These exceptions do not disprove an innate tendency to worship in man; they only shew that this tendency is not always active, that certain conditions are required for its manifestation. Its state of abeyance in the South American savage no more disproves its existence in him, than its state of suspension disproves its existence in the secularist or unbeliever of Christian lands. Still Cicero's assertion that no people is so rude as not to have some notion of Deity, must be taken with this qualification, that religion is usually found in the savage state, and always in civil society.

We may say, then, that belief in Deity is natural to man, is one of the primary forces of the soul.

The origin of this belief is a question of wide dispute. The "fecit timor" of the atheist poet, the "notio insita" of Cicero, the original-revelation theory of Cudworth and later divines, represent the range of opinion concerning it. Hume was the first to distinguish between the "foundation in reason" and the "origin in human nature" of the idea of God.* He

* Natural History of Religion, Introduction.

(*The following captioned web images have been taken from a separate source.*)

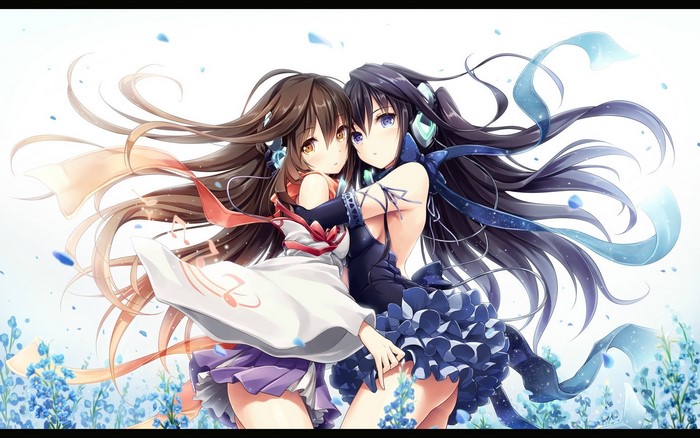 Two anime girls with long hair embracing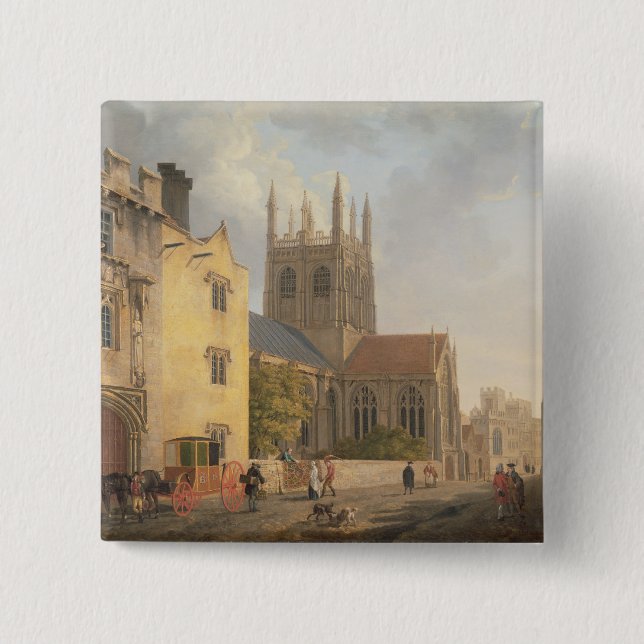 Merton College, Oxford, 1771 (oil on canvas) Pinback Button (Front)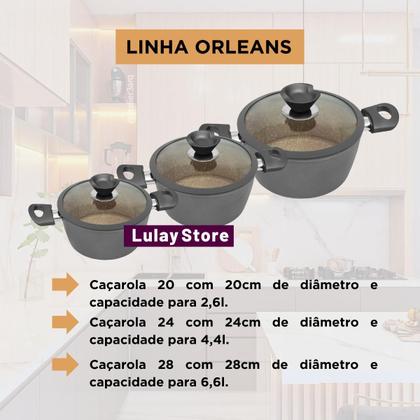 Imagem de Jogo de Panelas Granito Marmorizado Antiaderente Orleans Conjunto Caçarolas Indução Cozinha Lua de Mel Revestimento Cerâmico Não Gruda Tampa de Vidro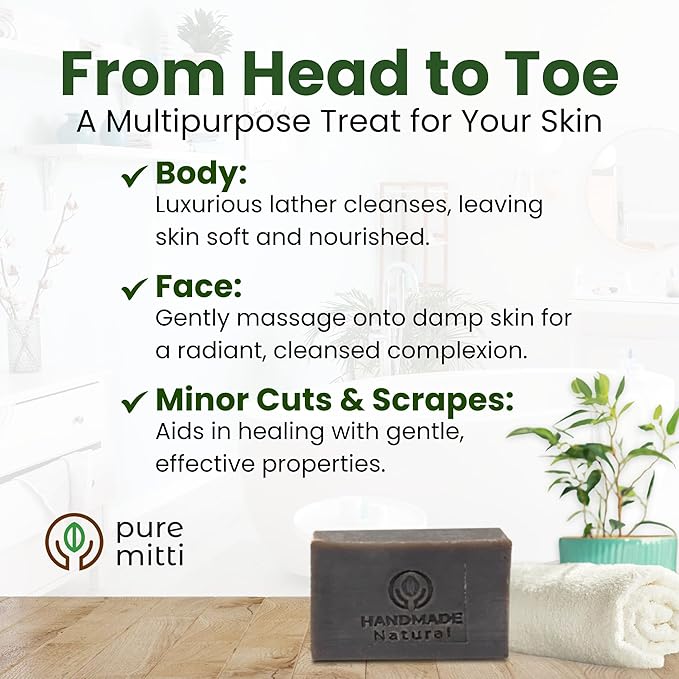 Neem Face, Body Bar Soap 4.5 oz, 5 Pack | Ayurvedic Exfoliating, Cleansing Bar with Coconut Oil, Castor Oil | Gentle Bath Soaps for Face Wash, Body Wash | Soft Soap for Daily Use, All Skins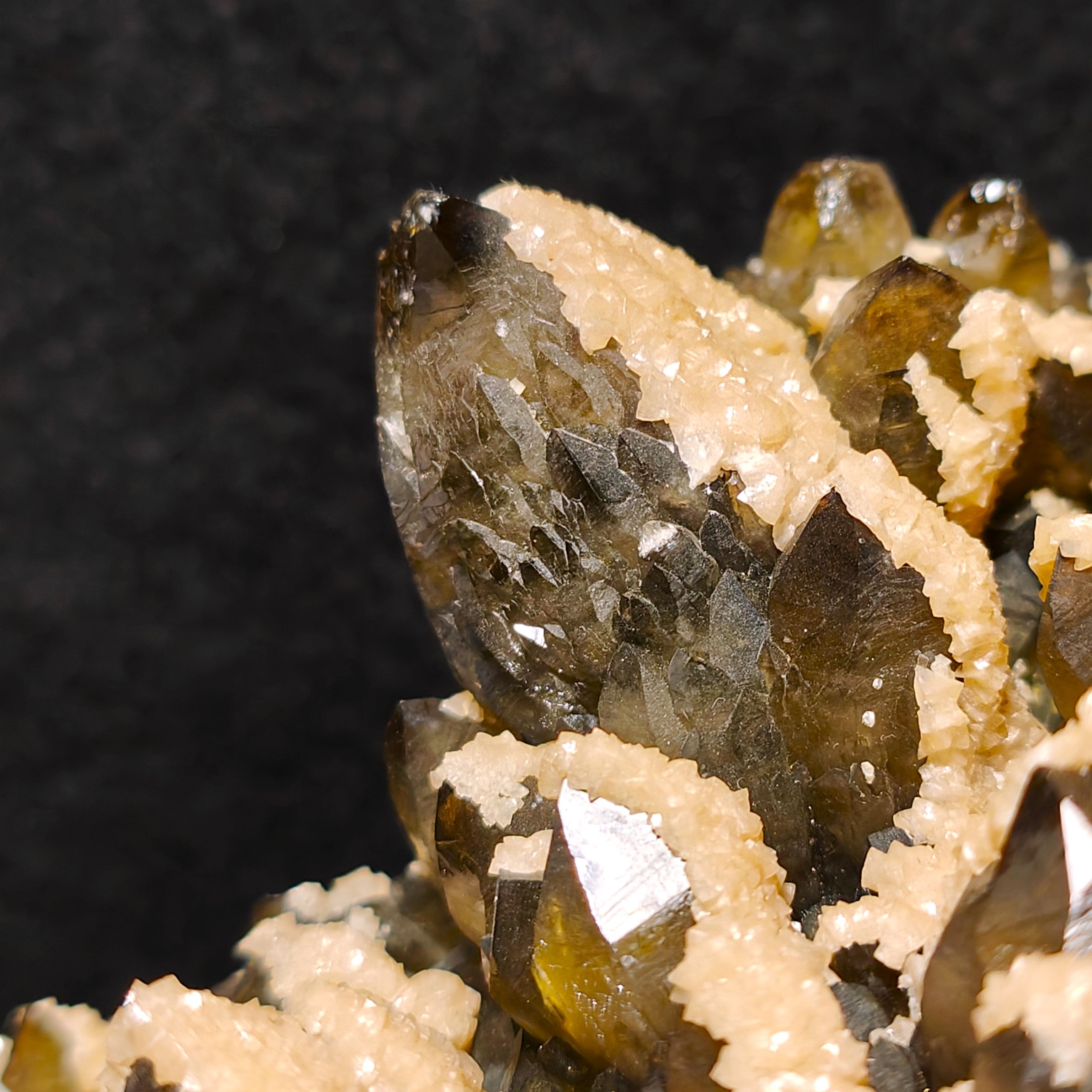 SMOKY QUARTZ & PINK DOLOMITE – Huge Citrine-Toned Cluster, Cavnic, Romania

supposes polytheism to have preceded monotheism in the course of human development. And this supposition is confirmed by ethnological research. On the other hand, a not unreasonable prejudice in Christian lands has leaned to the opposite view. Reasoning from our idea of God and the seeming necessities of human nature, one might presume that the Being of whom the knowledge is so essential would make Himself known to man in the beginning, that this knowledge would enter into nature's dower, would form a part of the primal outfit of human kind. And such has been the presumption of most Christian writers who have treated this topic prior to Hume. They have held that the first of mankind were endowed with this saving knowledge; that a revelation of the Godhead was made to original man, which soon waxed dim, was gradually perverted and finally lost; that all polytheisms, Indian, Phenician, Grecian and others, are disintegrations and corruptions of an aboriginal monotheism.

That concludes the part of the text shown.